I didn't mean to imply that I would expect to make money from buying gold (if that's what you mean). Even if gold prices were expected to drop, I'd still be interested in buying it as an insurance policy. No matter how severe a crisis, once the dust settles, gold will always be worth something, for reasons I don't understand.
It has also been claimed there is a ponzi scheme in paper gold, i.e. instruments may not actually be physically backed, so when things go pear-shaped and you ask for physical delivery, you will have to fight other investors over legal ownership. http://www.businessweek.com/news/2011-12-12/hsbc-sues-mf-glo...
Given recent banking scandals, anything is possible. Caveat emptor!

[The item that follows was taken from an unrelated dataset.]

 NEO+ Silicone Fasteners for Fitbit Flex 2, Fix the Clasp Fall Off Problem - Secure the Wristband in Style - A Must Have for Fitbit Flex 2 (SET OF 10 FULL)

Central banks are known buyers at the highs and sellers at the lows. Part of their mandate is "financial stability", and up to and including backstopping out-of-favour assets (like, say, mortgages). I see central banks buying gold as a way to stop a precipitous decline in gold as money rotates sectors.
Then again, this theory happened before this Cyrprus thing, so who knows for sure. Guess we'll see what kind of carnage happens next week.
No matter how severe a crisis, once the dust settles, gold will always be worth something, for reasons I don't understand.
The reasons is simple: gold has specific physical characteristics which many people for a very long time have regarded as suitable for use as physical money: principally, it's durable, rare but not too rare, recognizable, and easily divisible. That widespread subjective assessment is unlikely to change.